▶ _Caption-style text data_
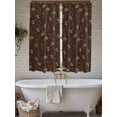 thumbnail image 4 of Brown Floral Living Room Curtains 2 Panel, Vintage Spring Botanical Flowers Cafe Window Treatment, Extra Long Farmhouse Bedroom Bathroom Kitchen Curtains Drapes 104"x72", 4 of 6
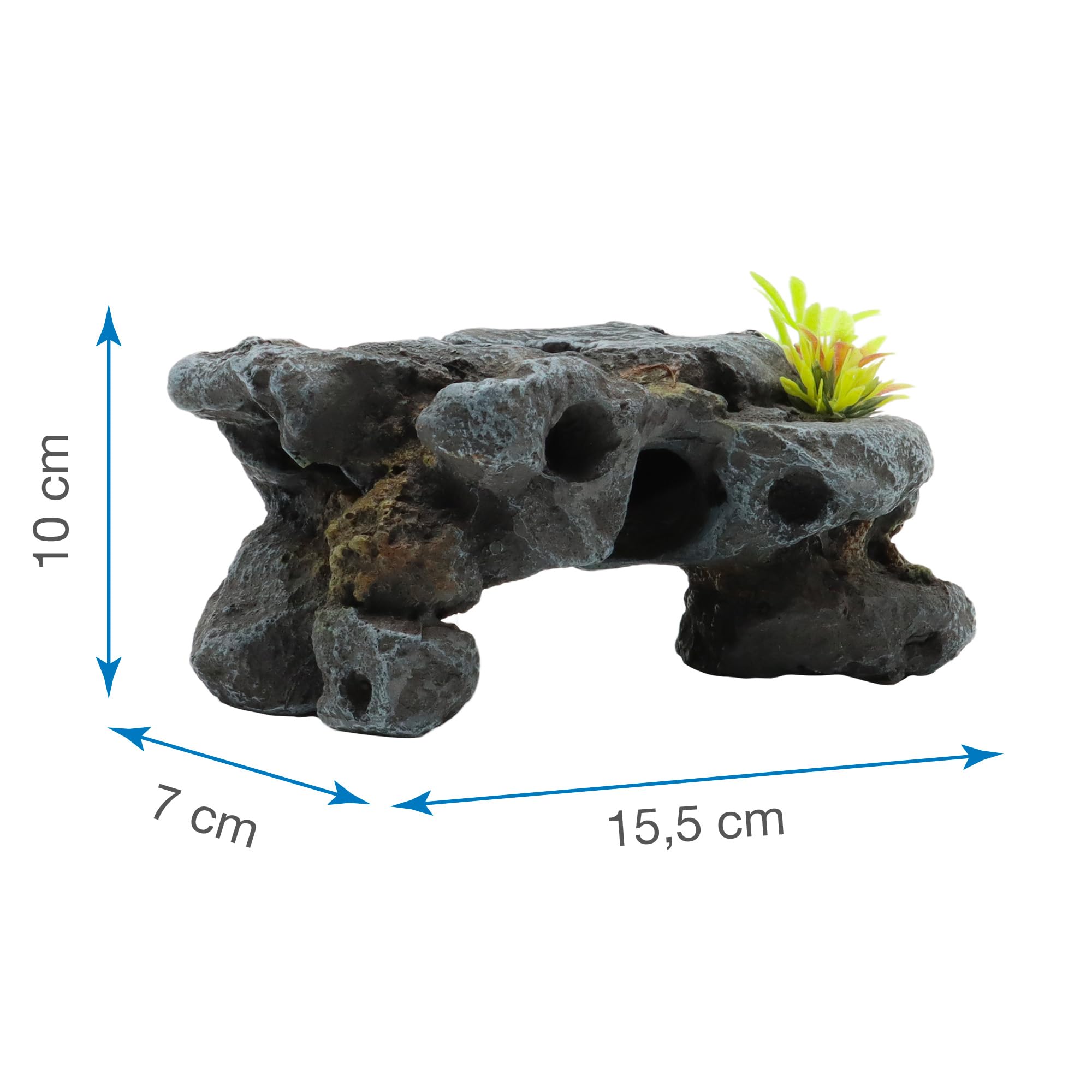 Amtra Deko Roccia Giapponese Decorazione in Resina per Acquari 7x15,5x10 cm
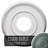 Endurathane Bradford Ceiling Medallion, 12 1/2"OD x 3 7/8"ID x 3/4"P (Fits Canopies up to 6 5/8"), Hand-Painted Cloud Burst Finish-73157475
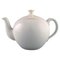 Large White Teapot by Axel Salto for Royal Copenhagen, 1960s 1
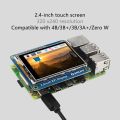 2.4 Inch Touch Screen Display for Raspberry Pi 4B/3B+/3B/3A+/ Zero W. 
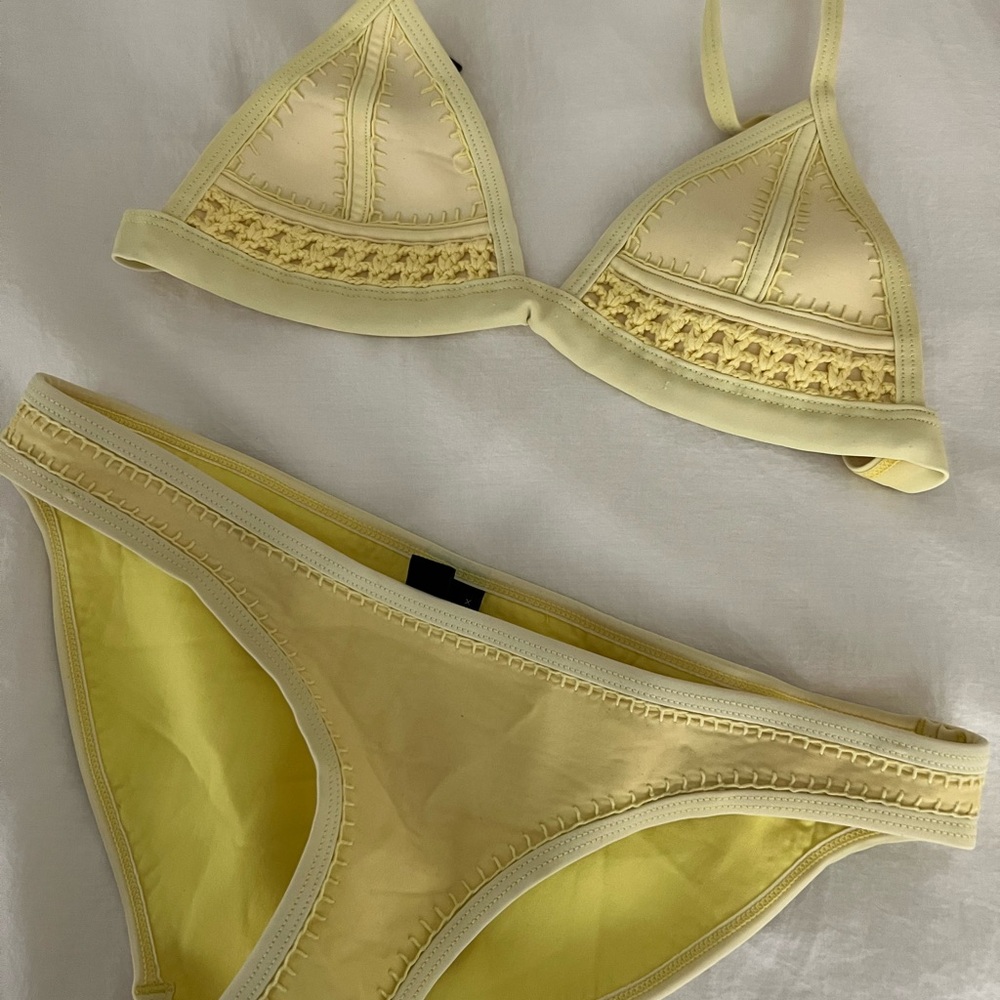 TRIANGL Yellow Bikini Set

▶ _Problem details_
Please output exactly the lines from the line containing "Amtra Deko Roccia" through the last line of the records above, both included, and leave out any pictures.

▶ _Exercise output_
 Amtra Deko Roccia Giapponese Decorazione in Resina per Acquari 7x15,5x10 cm
 Endurathane Bradford Ceiling Medallion, 12 1/2"OD x 3 7/8"ID x 3/4"P (Fits Canopies up to 6 5/8"), Hand-Painted Cloud Burst Finish-73157475
 Large White Teapot by Axel Salto for Royal Copenhagen, 1960s 1
 2.4 Inch Touch Screen Display for Raspberry Pi 4B/3B+/3B/3A+/ Zero W. 
 TRIANGL Yellow Bikini Set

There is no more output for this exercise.